The True Meaning of Passover

 

There's a passage in the Haggadah so strange that it cries out for explanation. It says: "Go and learn what Laban the Aramean sought to do to our father Jacob. For Pharaoh issued a decree only against the male Israelite children, but Laban sought to destroy everything."

Consider: on Seder night all our efforts are directed towards remembering the night long ago when the Israelites were about to go free after centuries of slavery. We tell the story and relive it, tasting the bread of affliction and the bitterness of servitude. How then does it make sense to say, in effect: "You think Pharaoh was bad? Laban was even worse!" This minimizes the very event we are trying to recapture. Besides which, where does it state that Laban actually tried to kill Jacob and his family? To be sure, he was less than friendly. But to accuse Laban of attempted genocide goes against the plain sense of the Torah and cuts across the central theme of the Haggadah.

In this connection, I once heard a beautiful explanation in the form of a parable. The sun and the wind were having an argument as to which was the more powerful. The sun said, "I am the greater power. I give light and warmth to the entire planet. Without me, nothing could live." The wind said, "I am greater. When I blow, rocks crash, trees are uprooted and houses collapse. Against me, nothing can stand." Just then a farmer came out into his field and began plowing the ground. The sun proposed a test. "Let us see which of us can part the farmer from his jacket." The wind agreed. It began to blow, gently at first, and then with increasing force. But the more it blew, the more tightly the man held on to his coat. Eventually the wind gave up, exhausted. Then the sun came out from behind the clouds. Feeling the warmth, the farmer removed his jacket. The gentle heat of the sun did what the raging wind could not.

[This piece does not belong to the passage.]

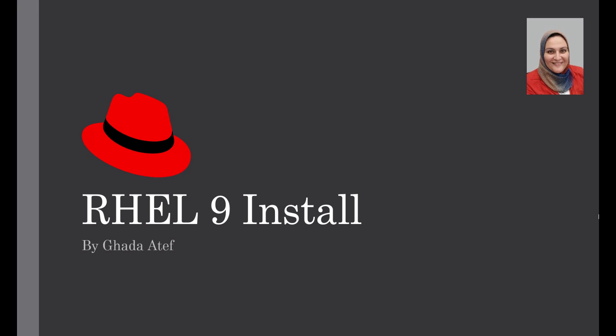Welcome to this class on installing Red Hat Enterprise Linux 9. In this class, I will guide you through the step-by-step process of installing RHEL 9 on your computer. Let's get started.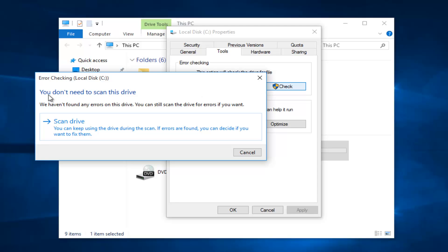So you might receive a pop-up saying you don't need to scan this drive. Disregard this message and then left click on scan drive.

So it has been throughout Jewish history. There have been times, many of them, when Jews were persecuted. Yet the Torah says at the beginning of the Book of Exodus, "The more they were oppressed, the more they multiplied and spread." The harder the wind blew, the more Jews held on to their identity. During the many centuries of Jewish suffering, no one ever asked the question, "Will we have Jewish grandchildren?"

What has threatened Jewish continuity has been not the wind but the sun: not poverty but affluence; not slavery but freedom. While Jacob was living with his father in law, it was not Laban's hostility that threatened Jewish survival but the fact that Jacob had become prosperous and might easily have settled there, forgetting his destiny and identity. That is why this passage occurs in the Haggadah, as if to say: "Do not think that the challenge of Passover ends with the exodus. Leaving Egypt was only the beginning. There always were two threats to Jewish identity. One is physical, the other spiritual. The physical threat is persecution. The spiritual threat is the allure of freedom; and the second is sometimes more devastating in its effects."

As it was then, so it is now. There is only one antidote, and it is provided by Passover itself. Just as the Seder service begins with the questions asked by a child, so we must always put the needs of children first. This means three things: firstly that we create schools and synagogues to give our children a sense of belonging and pride; secondly that our families are strong; and thirdly that we tell the story of Jewish identity not only in terms of suffering and persecution but also in the positive language of aspirations and ideals. Passover was more than the escape from Egypt. It was the beginning of the journey towards Mount Sinai.

The Mishnah says that in telling the story on seder night, "We should begin with the bad news but end with the good." We must tell our children, "Yes, we have eaten the bread of affliction but we also drink the wine of freedom. Judaism is more than a scroll of suffering written in tears. It is also the story of how to serve God in joy, see freedom as His blessing, and give thanks for all He has given us."

 

            Wishing you and your families a very Happy Passover Holiday!